Dr. Ursula Schoen, Diakonie-Direktorin und LIGA-Federführung: „Auch wenn es schwerfällt und wir weiter alles in unserer Macht Stehende tun: Menschen ohne Obdach werden unser Stadtbild auf Dauer bestimmen. Die meisten von ihnen werden auf lange Sicht in unserer Stadt keine Wohnung, keine ausreichende psychiatrische Betreuung, keine ausreichende gesundheitliche Versorgung haben. Und es werden mehr. Wir müssen feststellen: Die bundesweite Vereinbarung und die Selbstverpflichtung zur baldigen Abschaffung der Wohnungslosigkeit ist in Berlin gescheitert. Umso mehr gilt es jetzt, das Hilfesystem weiterzuentwickeln, wo passgenaue Perspektiven für ein sicheres Leben in einer Wohnung geschaffen werden können. Jedes Schicksal zählt.“
2024 erreichte Berlin den Spitzenwert von über 47.000 Personen, die in Wohnheimen, Hostels und Pensionen untergebracht sind. Wer nicht längerfristig dort wohnen kann, lebt in verdeckter Wohnungslosigkeit entweder bei Freunden, Verwandten oder Bekannten, in Abrisshäusern, Brachen oder auf der Straße. Oder er versucht, in ganzjährigen Not- und Kältehilfeunterkünften einen Platz zu finden. Das zeigt: die Kältehilfe kann nicht isoliert vom gesamten Wohnungsnotfallhilfesystem betrachtet werden. Und selbst über dem Kältehilfe-System hängt das Damoklesschwert der pauschalen Minderausgaben im aktuellen Haushalt. Für 2024 konnte nur mit den Summen für das vorherige Jahr geplant werden. Für 2025 drohen drastische Einschnitte. Dringend erforderliche Projekte konnten und können unter diesen Voraussetzungen nicht umgesetzt werden. Wenn man über die regelmäßig überfüllten Unterkünfte hinwegsieht, ist die Kältehilfe zwar verhältnismäßig gut ausgestattet – aber dauerhaft auf einem sehr geringen fachlichen Niveau.

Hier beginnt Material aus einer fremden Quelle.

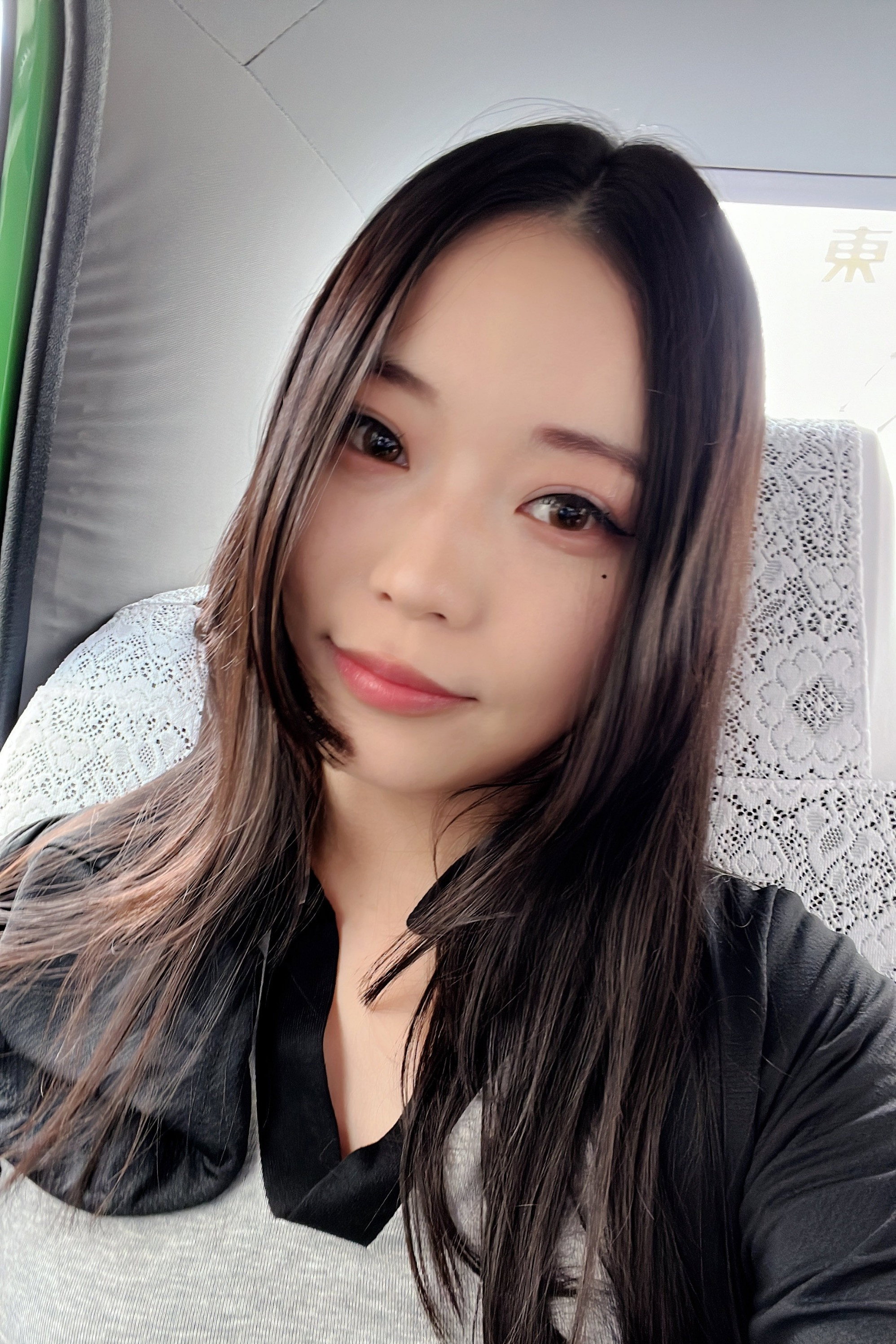 Gomi Moyuru as Koharu Nakano in Saaya & Koharu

Der Blick auf das gesamte System der Wohnungsnotfallhilfe zeigt, dass noch viel gemeinsame Arbeit vor uns und dem Land Berlin liegt. Die wesentlichen Gründe sind fehlende Haushaltsmittel, ein fehlender landesseitig gesteuerter systematischer Prozess zur Schaffung von neuem und bezahlbarem Wohnraum, zur Identifizierung und Nutzung leerstehender Wohnungen und Gebäude, ein fehlender konkreter kleinzieliger Maßnahmenplan, die permanent wachsende Zahl untergebrachter wohnungsloser Menschen ohne den entsprechenden Aufwuchs von Plätzen, fehlendes Verwaltungspersonal.

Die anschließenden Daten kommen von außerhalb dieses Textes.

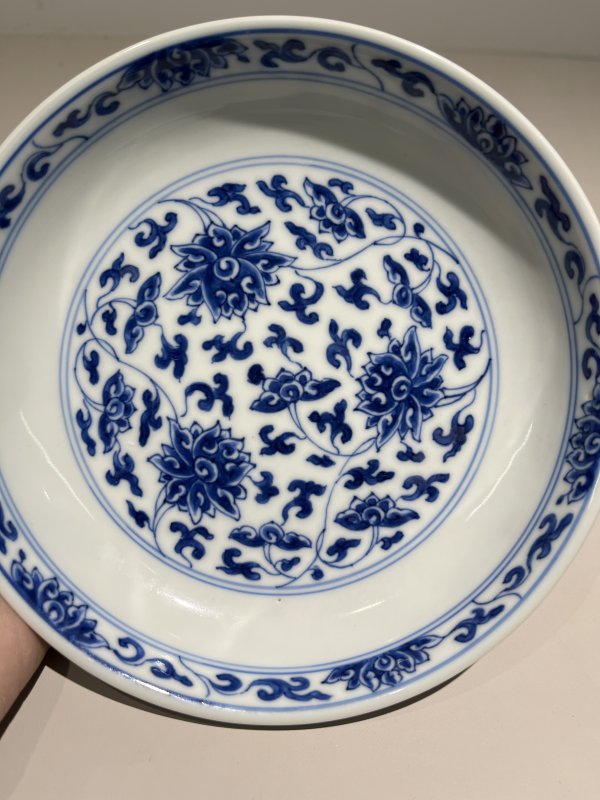 清康熙 青花缠枝莲纹盘 - 图3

Prof. Dr. Ulrike Kostka, Direktorin des Caritasverbandes für das Erzbistum Berlin: "Wir müssen alles tun, um einen menschenwürdigen Umgang mit obdach- und wohnungslosen Menschen zu garantieren. Hierfür brauchen wir qualitativ bessere Rahmenbedingungen in ASOG-Unterkünften. Die Menschen benötigen regelmäßige sozialarbeiterische Unterstützung, um ihre Notsituation zu überwinden und den Übergang in eine Wohnung zu schaffen. Zu einem menschenwürdigen Umgang gehört auch die Sicherstellung einer medizinischen und psychiatrischen Versorgung für alle. Sparen wir nicht an der falschen Stelle, sonst bleibt nicht nur die Menschlichkeit auf der Strecke - es entwickeln sich auch hohe Folgekosten. Die ambulante Gesundheitsversorgung, zu der auch die Caritas-Krankenwohnung gehört, ist nicht nur für viele wohnungslose Menschen die einzige Behandlungsmöglichkeit - sie entlastet auch das vielfach teurere stationäre Krankenhaussystem."